Print, from the listing below, the lines starting at the line containing "big christmas run 10 symbol icon" and ending at the line containing "Hoaxer Hoaxer Universal", exactly as they stand, and print nothing else.
-=-=-
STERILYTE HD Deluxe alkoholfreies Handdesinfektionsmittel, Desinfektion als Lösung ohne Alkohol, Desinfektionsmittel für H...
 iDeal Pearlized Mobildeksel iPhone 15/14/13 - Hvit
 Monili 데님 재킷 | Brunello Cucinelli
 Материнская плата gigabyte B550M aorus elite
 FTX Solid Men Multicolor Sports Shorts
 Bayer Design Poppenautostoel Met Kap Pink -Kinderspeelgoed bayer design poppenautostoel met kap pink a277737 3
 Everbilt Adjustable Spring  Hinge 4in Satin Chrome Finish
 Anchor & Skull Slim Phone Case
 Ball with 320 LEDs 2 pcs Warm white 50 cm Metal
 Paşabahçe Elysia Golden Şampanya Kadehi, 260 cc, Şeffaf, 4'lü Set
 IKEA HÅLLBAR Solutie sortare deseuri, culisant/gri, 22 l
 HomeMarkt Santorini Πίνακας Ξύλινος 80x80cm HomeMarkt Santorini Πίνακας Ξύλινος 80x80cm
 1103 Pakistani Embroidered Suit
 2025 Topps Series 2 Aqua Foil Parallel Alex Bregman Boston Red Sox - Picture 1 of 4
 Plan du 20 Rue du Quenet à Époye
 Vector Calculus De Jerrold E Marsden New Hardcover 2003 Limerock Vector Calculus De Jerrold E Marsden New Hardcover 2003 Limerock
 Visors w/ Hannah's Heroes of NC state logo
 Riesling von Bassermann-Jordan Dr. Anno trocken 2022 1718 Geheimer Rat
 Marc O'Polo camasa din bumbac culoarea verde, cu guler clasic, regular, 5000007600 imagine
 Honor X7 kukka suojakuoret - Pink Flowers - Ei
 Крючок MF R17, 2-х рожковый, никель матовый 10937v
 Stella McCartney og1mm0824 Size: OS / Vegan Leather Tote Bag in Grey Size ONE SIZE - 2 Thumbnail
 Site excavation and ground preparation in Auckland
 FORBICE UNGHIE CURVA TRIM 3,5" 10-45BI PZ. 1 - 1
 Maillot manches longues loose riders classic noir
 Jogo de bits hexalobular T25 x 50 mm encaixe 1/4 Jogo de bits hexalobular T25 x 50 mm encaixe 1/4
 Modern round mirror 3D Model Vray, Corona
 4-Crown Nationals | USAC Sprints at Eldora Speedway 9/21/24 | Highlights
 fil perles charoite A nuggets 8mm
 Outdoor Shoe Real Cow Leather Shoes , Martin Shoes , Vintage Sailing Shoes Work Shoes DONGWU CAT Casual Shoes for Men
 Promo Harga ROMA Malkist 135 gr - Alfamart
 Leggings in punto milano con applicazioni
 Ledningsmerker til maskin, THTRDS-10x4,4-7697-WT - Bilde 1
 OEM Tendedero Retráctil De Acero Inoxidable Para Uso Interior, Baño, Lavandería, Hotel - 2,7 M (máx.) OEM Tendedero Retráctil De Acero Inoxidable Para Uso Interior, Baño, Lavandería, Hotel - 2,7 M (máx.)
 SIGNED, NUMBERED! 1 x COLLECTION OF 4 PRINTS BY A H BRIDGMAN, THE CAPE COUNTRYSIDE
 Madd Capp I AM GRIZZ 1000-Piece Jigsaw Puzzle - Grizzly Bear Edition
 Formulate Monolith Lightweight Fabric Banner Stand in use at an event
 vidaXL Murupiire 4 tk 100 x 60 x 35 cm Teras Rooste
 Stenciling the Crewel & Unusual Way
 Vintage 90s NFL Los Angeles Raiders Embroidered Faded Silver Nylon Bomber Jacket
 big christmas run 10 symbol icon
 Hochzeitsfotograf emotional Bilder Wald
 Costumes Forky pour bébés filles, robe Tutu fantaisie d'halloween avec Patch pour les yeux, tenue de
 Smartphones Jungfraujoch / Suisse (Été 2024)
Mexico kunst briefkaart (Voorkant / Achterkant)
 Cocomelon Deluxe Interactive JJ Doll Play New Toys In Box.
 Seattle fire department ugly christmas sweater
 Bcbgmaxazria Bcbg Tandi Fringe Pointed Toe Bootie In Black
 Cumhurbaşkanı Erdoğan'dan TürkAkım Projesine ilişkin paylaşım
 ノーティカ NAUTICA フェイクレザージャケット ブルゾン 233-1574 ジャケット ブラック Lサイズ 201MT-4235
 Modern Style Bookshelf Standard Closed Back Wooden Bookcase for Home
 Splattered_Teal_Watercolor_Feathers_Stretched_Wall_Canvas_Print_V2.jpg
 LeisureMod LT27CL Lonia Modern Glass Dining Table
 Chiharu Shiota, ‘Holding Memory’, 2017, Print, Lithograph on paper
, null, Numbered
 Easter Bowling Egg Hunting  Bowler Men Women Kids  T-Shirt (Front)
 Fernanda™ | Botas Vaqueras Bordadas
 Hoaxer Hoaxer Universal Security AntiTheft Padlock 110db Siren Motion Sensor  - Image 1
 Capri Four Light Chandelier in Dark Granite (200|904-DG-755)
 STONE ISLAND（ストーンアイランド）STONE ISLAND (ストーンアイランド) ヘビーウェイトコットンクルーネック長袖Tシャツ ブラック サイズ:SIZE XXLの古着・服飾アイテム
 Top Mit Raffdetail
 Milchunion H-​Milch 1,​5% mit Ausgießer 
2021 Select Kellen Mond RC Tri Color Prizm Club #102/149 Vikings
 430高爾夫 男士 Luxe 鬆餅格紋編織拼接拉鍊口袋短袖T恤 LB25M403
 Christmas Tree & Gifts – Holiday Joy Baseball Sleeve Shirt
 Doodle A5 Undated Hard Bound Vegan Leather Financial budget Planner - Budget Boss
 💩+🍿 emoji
-=-=-
The answer:
 big christmas run 10 symbol icon
 Hochzeitsfotograf emotional Bilder Wald
 Costumes Forky pour bébés filles, robe Tutu fantaisie d'halloween avec Patch pour les yeux, tenue de
 Smartphones Jungfraujoch / Suisse (Été 2024)
Mexico kunst briefkaart (Voorkant / Achterkant)
 Cocomelon Deluxe Interactive JJ Doll Play New Toys In Box.
 Seattle fire department ugly christmas sweater
 Bcbgmaxazria Bcbg Tandi Fringe Pointed Toe Bootie In Black
 Cumhurbaşkanı Erdoğan'dan TürkAkım Projesine ilişkin paylaşım
 ノーティカ NAUTICA フェイクレザージャケット ブルゾン 233-1574 ジャケット ブラック Lサイズ 201MT-4235
 Modern Style Bookshelf Standard Closed Back Wooden Bookcase for Home
 Splattered_Teal_Watercolor_Feathers_Stretched_Wall_Canvas_Print_V2.jpg
 LeisureMod LT27CL Lonia Modern Glass Dining Table
 Chiharu Shiota, ‘Holding Memory’, 2017, Print, Lithograph on paper
, null, Numbered
 Easter Bowling Egg Hunting  Bowler Men Women Kids  T-Shirt (Front)
 Fernanda™ | Botas Vaqueras Bordadas
 Hoaxer Hoaxer Universal Security AntiTheft Padlock 110db Siren Motion Sensor  - Image 1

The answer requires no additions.